In November, Italian civil aviation authority ENAC introduced national legislation allowing passengers to travel domestically with forms of identification other than passports, such as Italian AT/BT cards, employment IDs and Italian fishing or hunting licences.
This decision goes against Ryanair’s travel documentation policy that states: “Passengers should carry a valid passport (and visa if applicable) or government issued national identification card on all journeys. Ryanair does NOT accept driver licence, residence cards, family books, seaman books, ministerial ID’s, military ID cards, Italian AT/BT cards etc.”
Given that the ENAC’s new law will mean that Ryanair’s handling staff, who are responsible for checking ID at the gate, may be imprisoned if they refuse travel to passengers flying with these other forms of ID, the airline has decided to temporarily suspend flights between its ten Italian airports.

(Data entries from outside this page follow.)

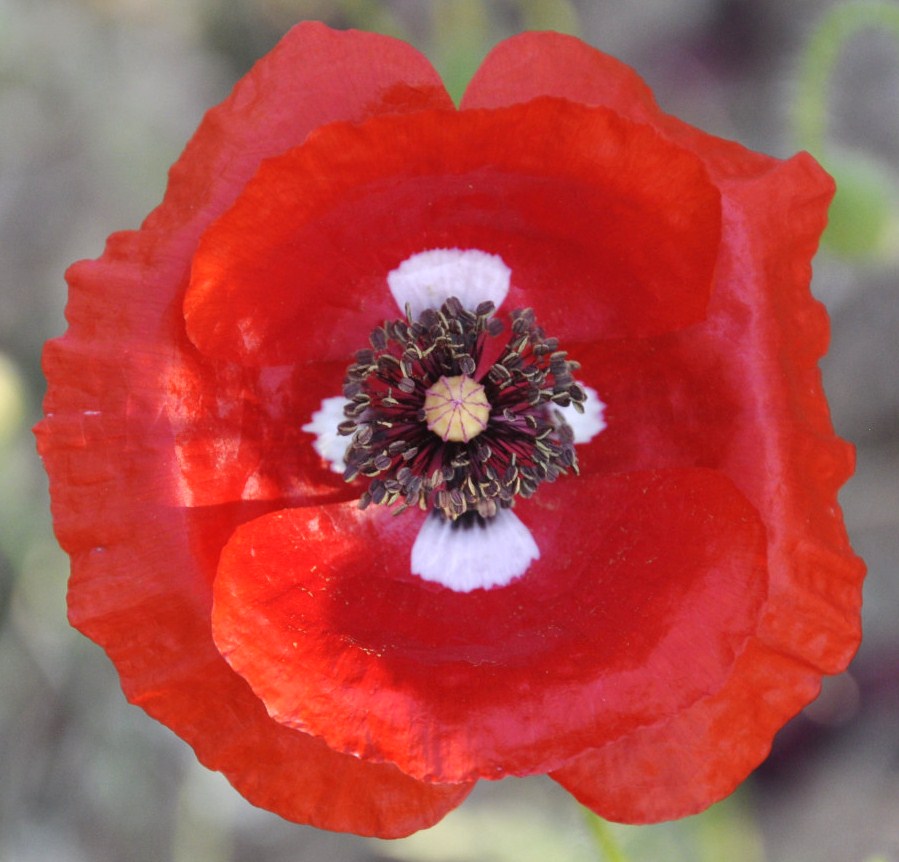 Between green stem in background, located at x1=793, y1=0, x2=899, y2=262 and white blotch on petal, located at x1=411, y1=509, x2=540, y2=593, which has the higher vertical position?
green stem in background, located at x1=793, y1=0, x2=899, y2=262

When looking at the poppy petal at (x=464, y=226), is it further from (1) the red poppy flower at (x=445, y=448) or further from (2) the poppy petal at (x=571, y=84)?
(2) the poppy petal at (x=571, y=84)

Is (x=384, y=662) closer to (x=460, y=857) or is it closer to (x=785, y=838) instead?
(x=460, y=857)

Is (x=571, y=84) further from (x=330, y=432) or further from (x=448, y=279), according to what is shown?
(x=330, y=432)

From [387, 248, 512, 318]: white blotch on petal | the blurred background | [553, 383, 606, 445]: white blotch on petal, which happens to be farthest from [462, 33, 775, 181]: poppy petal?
the blurred background

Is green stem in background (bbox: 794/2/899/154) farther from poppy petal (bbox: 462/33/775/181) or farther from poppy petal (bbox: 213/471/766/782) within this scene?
poppy petal (bbox: 213/471/766/782)

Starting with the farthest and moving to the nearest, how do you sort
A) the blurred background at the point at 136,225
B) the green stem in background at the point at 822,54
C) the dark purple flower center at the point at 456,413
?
the blurred background at the point at 136,225
the green stem in background at the point at 822,54
the dark purple flower center at the point at 456,413

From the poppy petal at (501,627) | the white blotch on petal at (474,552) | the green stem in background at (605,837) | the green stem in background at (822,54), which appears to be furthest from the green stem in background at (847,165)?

These are: Alghero, Bari, Bologna, Brindisi, Cagliari in Sardinia, Milan (Bergamo), Pescara, Pisa, Rome (Ciampino), and Trapani in Sicily.
Ryanair states that the reason it has a strict travel ID policy in place is that it requires all passengers to check-in online, “so it is imperative for the safety and security of all Ryanair flights that all Ryanair passengers agree at the time of booking that they will produce either a passport or an EU/EEA national ID card at the boarding gate prior to the boarding of their flight”.
Ryanair adds that its Italian domestic flights will only be restored if it “can be certain that the safety and security of its operations will not be undermined by ENAC’s unlawful interference”.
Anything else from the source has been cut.